Now we can find the start and end of each cycle, and number them:
,cte3 as
(
select ROW_NUMBER() over (order by b1.ActivityId) CycleNumber
,b1.ActivityId StartId,b2.ActivityId EndId
from cte2 b1 left join cte2 b2
on b1.rn=b2.rn-1
where b1.Cycle='Start'
)
select * from cte3
Which gives us what we need:
CycleNumber StartId EndId
1 1 3
2 6 12
3 13 16
4 22 NULL
Now we just need to join this back on our table:
select
a.ActivityId,a.Flag,a.[Type],CycleNumber
from tab a
left join cte3 b on a.ActivityId between b.StartId and isnull(b.EndId,a.ActivityId)
This gives the result you were looking for.
This is just a quick and dirty solution, perhaps with a little TLC you can pretty it up, and reduce the number of steps.
The full solution is here:
with tab as
(select * from (values
(1,'N',''),(2,'N',''),(3,'Y','EXT'),(4,'Y','')
,(5,'Y',''),(6,'N',''),(7,'Y','INT'),(8,'Y','')
,(9,'N',''),(10,'N',''),(11,'N',''),(12,'Y','EXT')
,(13,'N',''),(14,'N',''),(15,'N',''),(16,'Y','EXT')

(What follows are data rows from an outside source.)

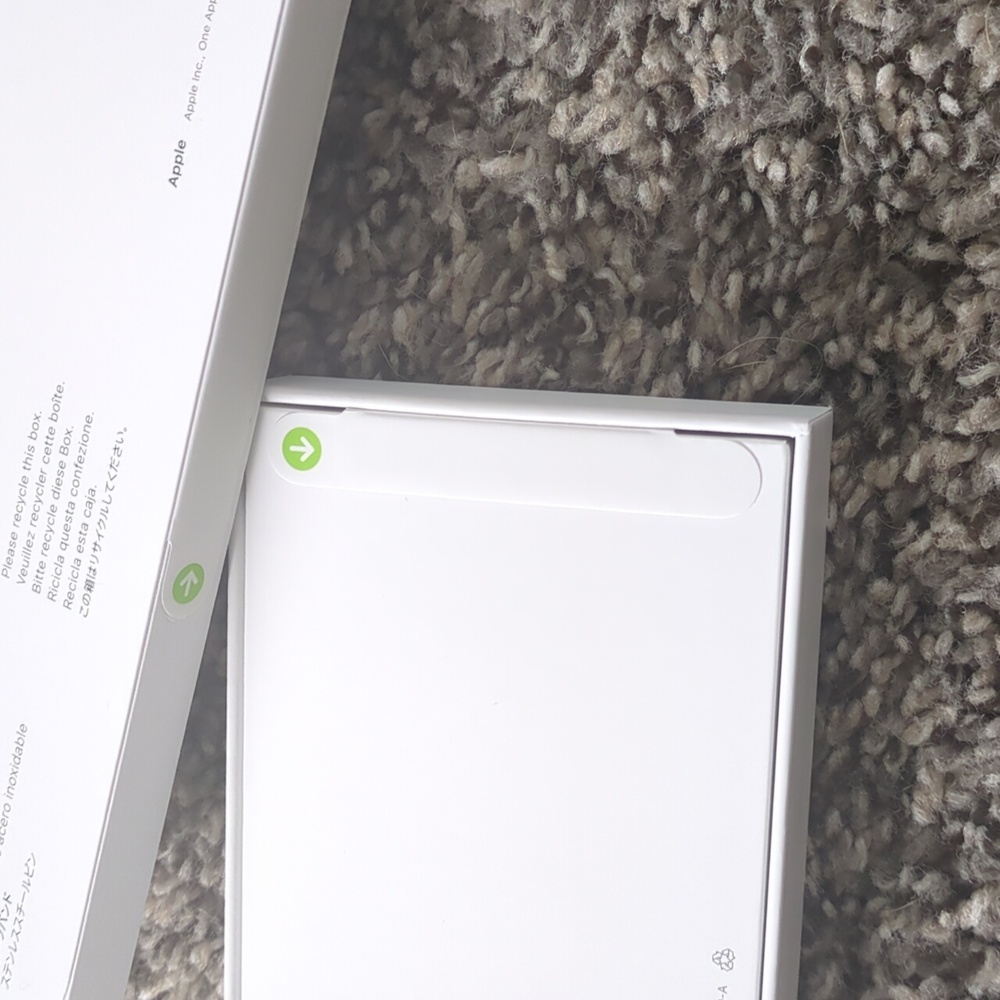 NIB Apple Watch Series 9 GPS 45mm M/L - Picture 5 of 5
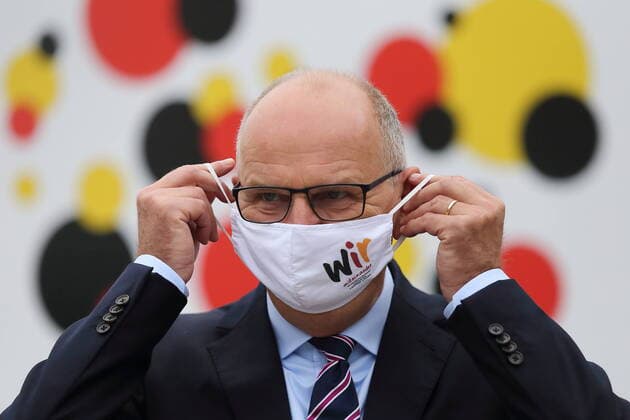 News Bilder des Tages Ministerpräsident Dietmar Woidke (SPD) mit Mund-Nasen-Schutz bei einem Rundgang zur Eröffnung der EinheitsExpo anlässlich des Tags der Deutschen Einheit in Potsdam, 5. September 2020. 30 Jahre Deutsche Einheit: Eröffnung EinheitsExpo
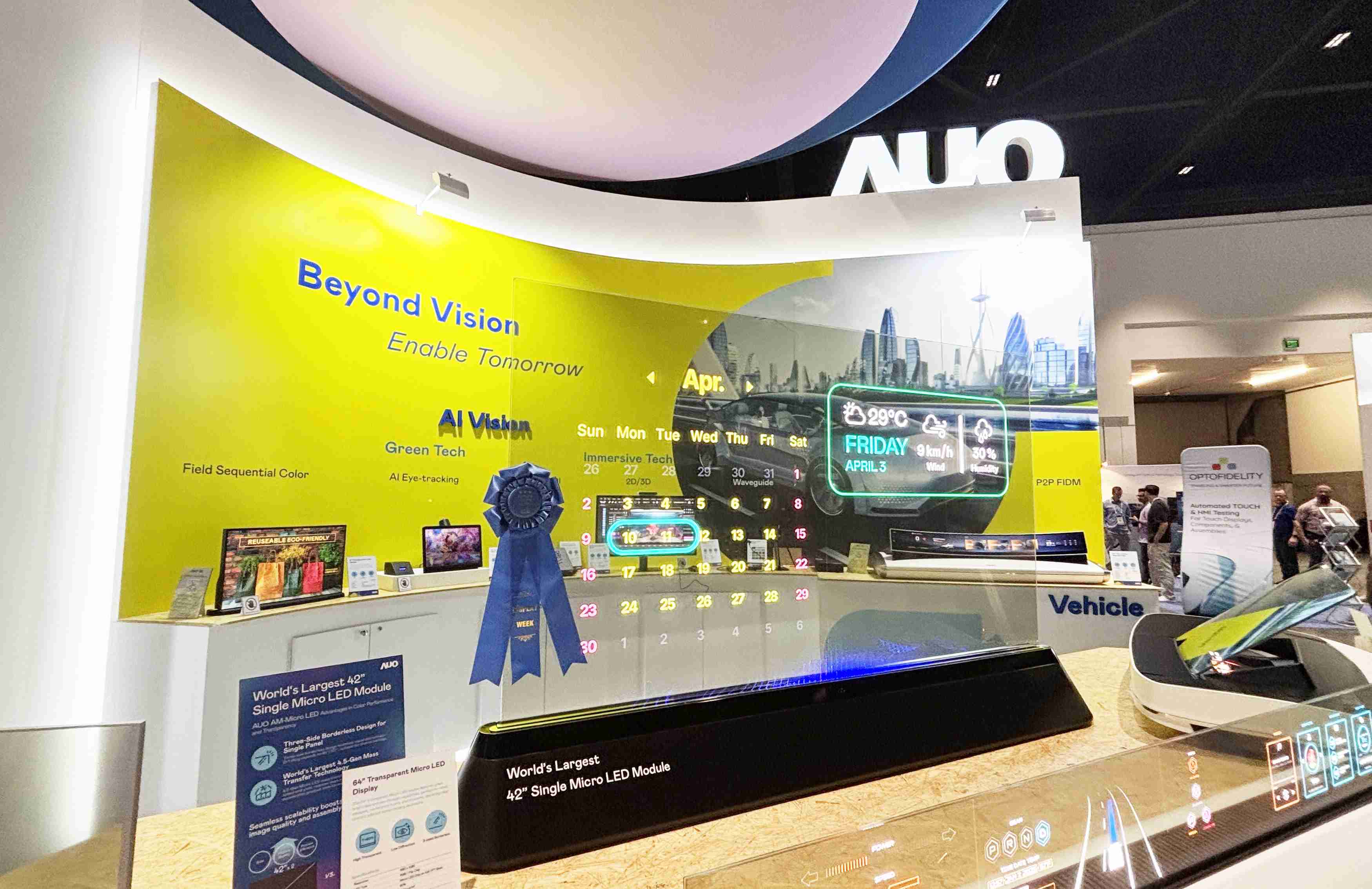 william威廉中文官网64吋透明Micro LED显示器获〝最佳Micro LED技术应用奖〞，，，其绝妙的透明穿透特性，，，，同时具备1,000 nits的高亮度表现，，，，并透过精细的无缝拼接延伸，，，可依需求灵活应用于多元场域，，展现出Micro LED显示技术划时空的无限潜力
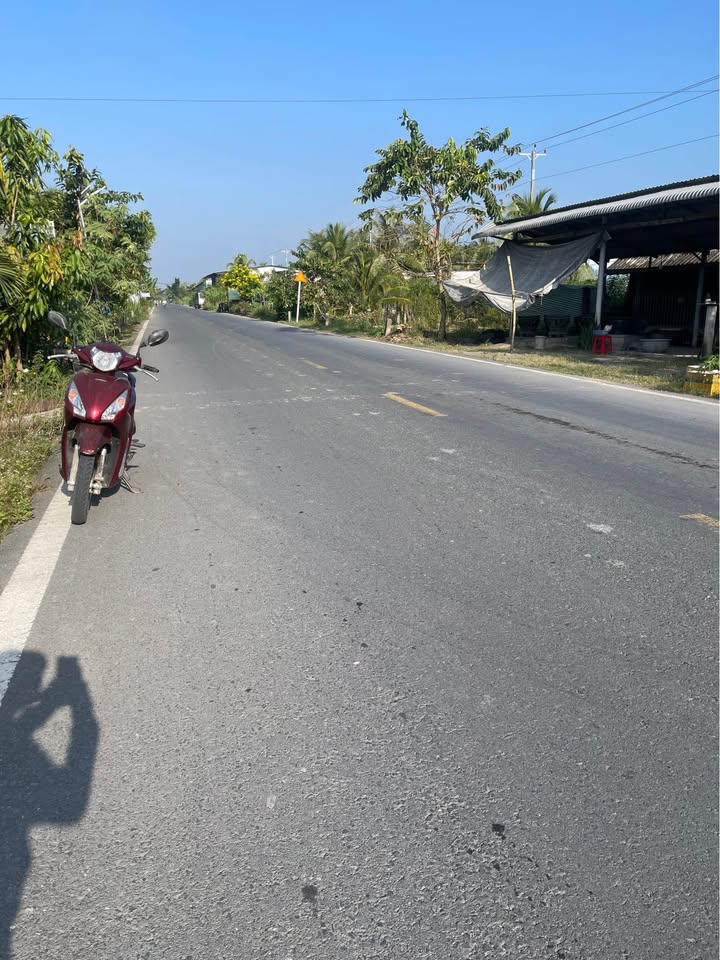 Đất mặt tiền Quốc lộ 60, Thành Thới B, 318m² giá 950 triệu - Cơ hội đầu tư tuyệt vời!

,(17,'Y',''),(18,'Y','INT'),(19,'Y',''),(20,'Y','EXT')
,(21,'Y',''),(22,'N',''),(23,'N','')) a(ActivityId,Flag,[Type]))
,CTE1 as
( select
ROW_NUMBER() over (order by t1.ActivityId) rn
,t1.ActivityId
,case when t1.Flag='N' then 'Start' else 'End' end Cycle
from tab t1
where t1.Flag='N' or (t1.Flag='Y' and t1.[Type]='Ext')
)
,CTE2 as
(
select ROW_NUMBER() over (order by a1.activityid) rn
,a1.ActivityId
,a1.Cycle
,a2.Cycle PrevCycle
from CTE1 a1 left join CTE1 a2 on a1.rn=a2.rn+1
where
a2.Cycle is null -- First Cycle
or
( a2.Cycle is not null
and
(
a1.Cycle='End' -- End of cycle
or
(a1.Cycle='Start'
and a2.Cycle='End') -- next cycles
)
)
)
,cte3 as
(
select ROW_NUMBER() over (order by b1.ActivityId) CycleNumber
,b1.ActivityId StartId,b2.ActivityId EndId
from cte2 b1 left join cte2 b2
on b1.rn=b2.rn-1
where b1.Cycle='Start'
)
select
a.ActivityId,a.Flag,a.[Type],CycleNumber
from tab a
left join cte3 b on a.ActivityId between b.StartId and isnull(b.EndId,a.ActivityId)
Upvotes: 3